Well, it wasn’t quite the Four Seasons, but it was at least two…
Late August, two nights after full moon and we are all set for our 12 hour overnight recording; the weather report indicates clear sky, we have postponed once already due to inclement conditions, and we are full of excitement.
Our destination is the star deck at Tulela Safari Lodge in the Klaserie Private Nature Reserve, Greater Kruger. Our sound equipment guru, Neville Smithers, has come up from Joburg to joins us – his car, too, laden with recording equipment. Soon we have microphone systems set up on the deck, on the back of the vehicle, several in the surrounding bush (including one named Yorick) chained to trees to hopefully deter hyena and/or elephants from wandering off with them.

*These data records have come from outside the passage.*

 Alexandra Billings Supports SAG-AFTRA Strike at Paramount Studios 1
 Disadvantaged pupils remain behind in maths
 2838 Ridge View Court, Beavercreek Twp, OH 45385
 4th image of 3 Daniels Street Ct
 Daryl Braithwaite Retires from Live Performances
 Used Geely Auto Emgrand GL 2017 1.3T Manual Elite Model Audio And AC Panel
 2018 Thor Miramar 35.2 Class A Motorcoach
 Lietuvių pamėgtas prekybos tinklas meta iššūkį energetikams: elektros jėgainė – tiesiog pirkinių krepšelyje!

The deck is beautifully set up for us – beds with soft linen, mosquito nets, tables, chairs, lamps – our every need has been well taken care of.
One of the recorders set up on the deck.
Yorick set up in the bush.
We settle down to listen through our headsets, as the moon rises both African Scops and White-faced owls start calling followed shortly afterwards by the first Fiery-necked Nightjar. By 22.00 the moon is right above us and it is amazing how much we can see. Amplified through the earphones the nightjar sounds like it is calling right above us from the huge Knobthorn tree that the deck is built around. The tiny African Scops Owls have been calling continuously for several hours almost without a break and various hyenas give a series of whoops and giggles. We hear a leopard in the distance and responding impala alarm snorts. This going to be quite a night!

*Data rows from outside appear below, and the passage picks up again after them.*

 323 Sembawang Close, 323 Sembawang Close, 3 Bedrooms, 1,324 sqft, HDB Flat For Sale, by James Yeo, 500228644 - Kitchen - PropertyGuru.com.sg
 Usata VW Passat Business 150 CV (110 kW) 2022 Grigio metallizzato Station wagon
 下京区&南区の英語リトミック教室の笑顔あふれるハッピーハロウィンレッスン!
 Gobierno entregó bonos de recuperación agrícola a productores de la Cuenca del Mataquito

Early night sounds from the deck
Suddenly at 23.00 season two arrived – the weather report lied – and a howling gale came out of absolutely nowhere and blew fiercely for the rest of the night. Within minutes our mosquito nets (which we had foolishly untucked for ease of movement) blew high up into the Knobthorn, the chairs toppled over, the tablecloth whipped up and dumped the table contents on the deck.
The rest of the night was spent hanging onto the duvet or chasing it around the deck – little sleep was had.

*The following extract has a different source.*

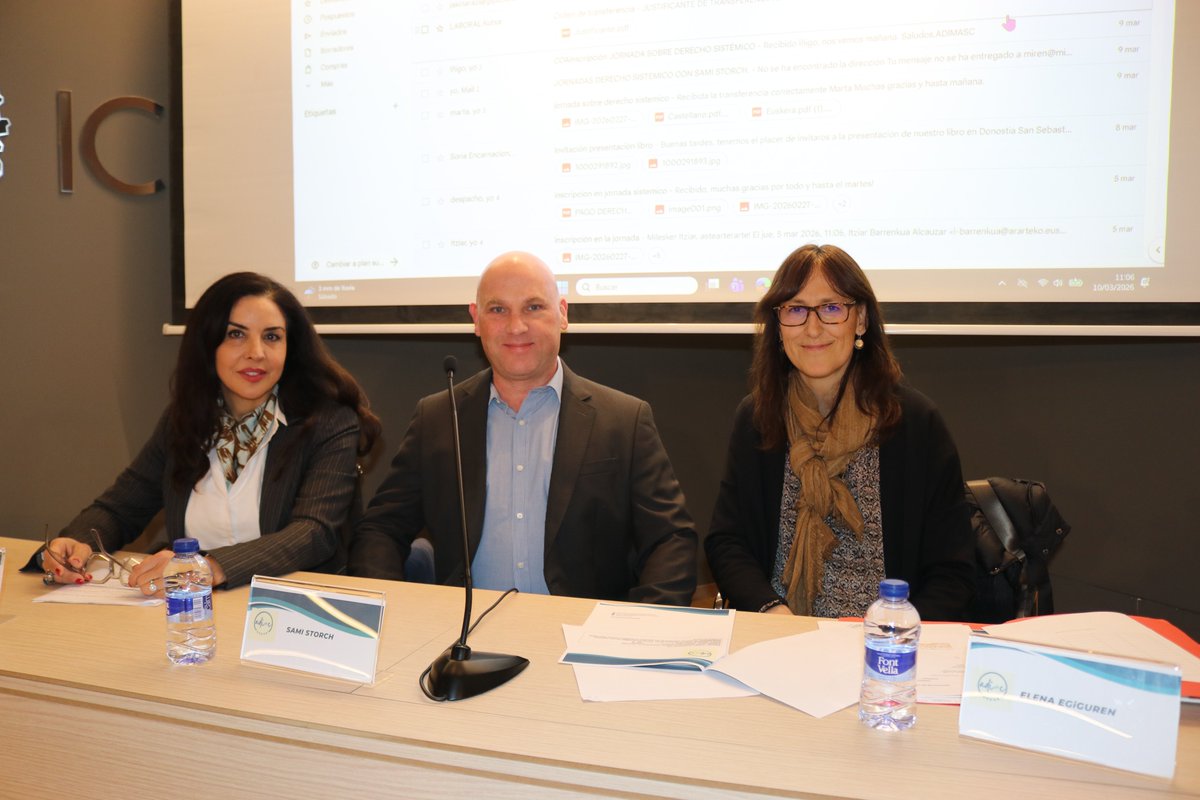 ICAGInforma's tweet photo. Sami Storch, Juez del Tribunal de Justicia del Estado
de Bahía (Brasil) en el inicio de la Jornada sobre Derecho Sistémico: Una nueva mirada para la
Resolución Eficaz de Conflictos y la Pacificación
Jurídica. Le acompañan Isabel Gil y Elena Egiguren, compañeras de Adimasc. https://t.co/GEE5AyQ7fK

Finally dawn broke – and the wind was still blowing – we packed up our gear; collected the bush-rigs, wondering if we would get to say “Alas, poor Yorick…” but thankfully everything was where we left it and quite unscathed by the gale.
We have some wonderful night recordings to go through – even though cut short by the weather. In the meantime, if any film makers are looking for gale force wind audio, we have about 6 hours!
Many thanks to Tulela Safari Lodge for generously hosting us and giving us the opportunity to record overnight.